Put differently, Christian theology, and therefore Christian eschatology and anthropology, is responsible in its context but not in any straightforward way responsible to its context.
The question, therefore, for Christian eschatology and anthropology in postmodernity is not what may still be said by CHristian theology in the postmodern condition: ‘the possibility of speech about God can be founded on nothing less than God’s own speaking’. That means that in one important sense, Christian theology in postmodernity must, as Barth once put it, carry on ‘as if nothing had happened.’
In Barth’s case, this was not because nothing had happened; indeed, what had happened in Barth’s context was very grave indeed. But Barth knew better than almost anyone in his context that what that context required was the service of a theology which was theological to the bone, which did not allow its context, however stringent, to distract it from the task of clarifying the Christian confession, precisely so that it could indicate to its culture the word of judgment and grace spoken to it by the gospel.

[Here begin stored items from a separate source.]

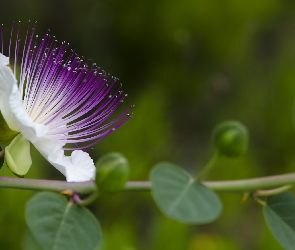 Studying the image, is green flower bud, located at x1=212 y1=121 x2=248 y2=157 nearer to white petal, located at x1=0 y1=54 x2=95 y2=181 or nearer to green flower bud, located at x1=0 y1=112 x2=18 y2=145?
white petal, located at x1=0 y1=54 x2=95 y2=181

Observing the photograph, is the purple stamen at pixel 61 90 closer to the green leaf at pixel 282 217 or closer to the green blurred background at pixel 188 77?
the green leaf at pixel 282 217

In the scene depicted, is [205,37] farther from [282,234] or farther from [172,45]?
[282,234]

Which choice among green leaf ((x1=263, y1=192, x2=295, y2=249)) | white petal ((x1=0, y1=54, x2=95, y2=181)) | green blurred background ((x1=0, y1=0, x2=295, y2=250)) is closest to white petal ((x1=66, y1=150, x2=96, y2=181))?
white petal ((x1=0, y1=54, x2=95, y2=181))

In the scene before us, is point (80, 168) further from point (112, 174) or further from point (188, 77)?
point (188, 77)

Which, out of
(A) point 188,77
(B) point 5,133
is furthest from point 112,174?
(A) point 188,77

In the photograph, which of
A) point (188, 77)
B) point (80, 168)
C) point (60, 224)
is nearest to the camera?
point (60, 224)

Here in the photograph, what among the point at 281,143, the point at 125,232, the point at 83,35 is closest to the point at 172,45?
the point at 83,35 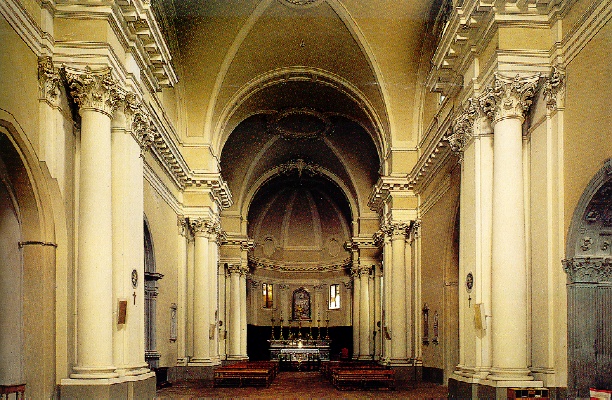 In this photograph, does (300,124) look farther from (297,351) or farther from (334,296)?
(334,296)

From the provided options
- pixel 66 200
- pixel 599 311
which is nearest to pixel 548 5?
pixel 599 311

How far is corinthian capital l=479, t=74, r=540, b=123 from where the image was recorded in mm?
11570

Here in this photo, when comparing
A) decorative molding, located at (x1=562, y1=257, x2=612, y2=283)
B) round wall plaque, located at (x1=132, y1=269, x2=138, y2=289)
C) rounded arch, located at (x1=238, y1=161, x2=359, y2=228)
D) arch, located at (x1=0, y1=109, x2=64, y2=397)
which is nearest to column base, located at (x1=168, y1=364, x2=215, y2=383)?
round wall plaque, located at (x1=132, y1=269, x2=138, y2=289)

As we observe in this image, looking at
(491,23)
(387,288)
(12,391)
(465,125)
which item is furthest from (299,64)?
(12,391)

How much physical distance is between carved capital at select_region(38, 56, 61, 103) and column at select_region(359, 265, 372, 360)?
24126 mm

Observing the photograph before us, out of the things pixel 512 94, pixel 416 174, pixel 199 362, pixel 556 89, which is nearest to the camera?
pixel 556 89

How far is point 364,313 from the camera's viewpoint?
113ft

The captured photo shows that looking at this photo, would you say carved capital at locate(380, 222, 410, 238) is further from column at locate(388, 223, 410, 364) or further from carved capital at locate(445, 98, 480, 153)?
carved capital at locate(445, 98, 480, 153)

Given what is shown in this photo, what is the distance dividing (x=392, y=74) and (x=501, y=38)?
11123 mm

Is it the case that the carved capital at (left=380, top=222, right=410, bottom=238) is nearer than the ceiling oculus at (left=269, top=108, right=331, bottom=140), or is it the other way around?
the carved capital at (left=380, top=222, right=410, bottom=238)

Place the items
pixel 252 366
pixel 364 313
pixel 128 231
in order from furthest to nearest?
pixel 364 313 → pixel 252 366 → pixel 128 231

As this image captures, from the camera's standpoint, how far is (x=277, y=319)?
136ft

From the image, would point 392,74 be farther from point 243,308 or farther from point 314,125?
point 243,308

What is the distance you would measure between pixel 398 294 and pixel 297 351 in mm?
11599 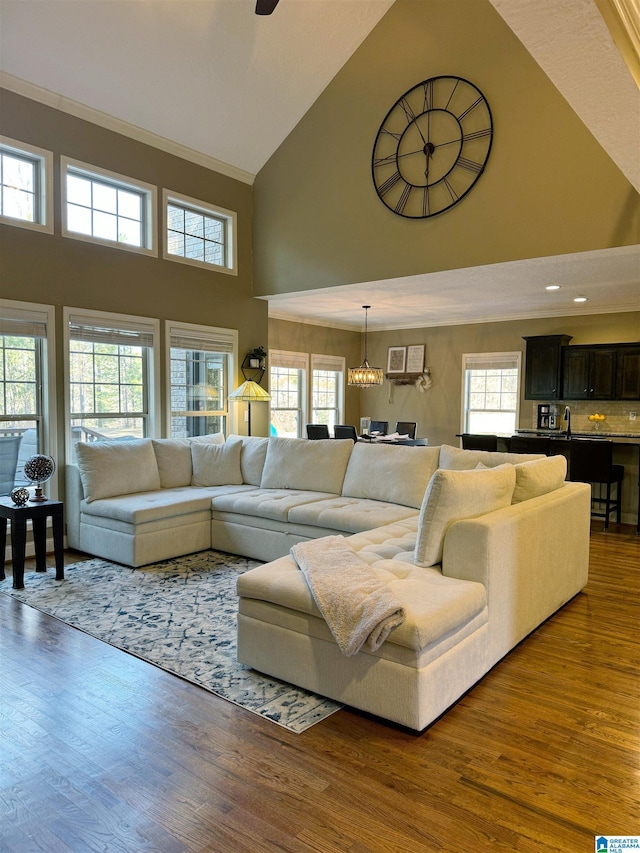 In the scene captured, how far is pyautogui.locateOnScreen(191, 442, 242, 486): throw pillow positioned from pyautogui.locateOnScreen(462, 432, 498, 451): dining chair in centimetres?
305

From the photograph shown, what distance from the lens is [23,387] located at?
16.2 ft

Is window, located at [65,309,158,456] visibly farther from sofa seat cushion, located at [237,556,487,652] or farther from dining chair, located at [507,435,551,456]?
dining chair, located at [507,435,551,456]

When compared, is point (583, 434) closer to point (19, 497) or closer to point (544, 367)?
point (544, 367)

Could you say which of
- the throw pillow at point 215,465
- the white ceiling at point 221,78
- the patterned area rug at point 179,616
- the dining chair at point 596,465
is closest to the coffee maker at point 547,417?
the dining chair at point 596,465

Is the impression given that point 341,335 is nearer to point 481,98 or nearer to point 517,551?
point 481,98

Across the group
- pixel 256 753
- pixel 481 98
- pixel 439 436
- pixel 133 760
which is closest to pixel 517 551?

Theology’s task, in other words, is neither apologetic nor revisionary, but exegetical and dogmatic, busying itself quietly and confidently with its proper concerns, not in order to sidestep the exigencies of whatever its host culture may be, but precisely so as to be able to address them with the right kind of Christian specificity, determination and hope.
Webster’s point is actually stronger than Barth’s, as the latter does include a (brief) return to the other disciplines, at least in his theological anthropology. But in that sense, Barth’s thought functions as a caution about a temptation which is ever present and all the more dangerous for its subtlety than for its transparency, which Barth’s contemporaries still managed to miss.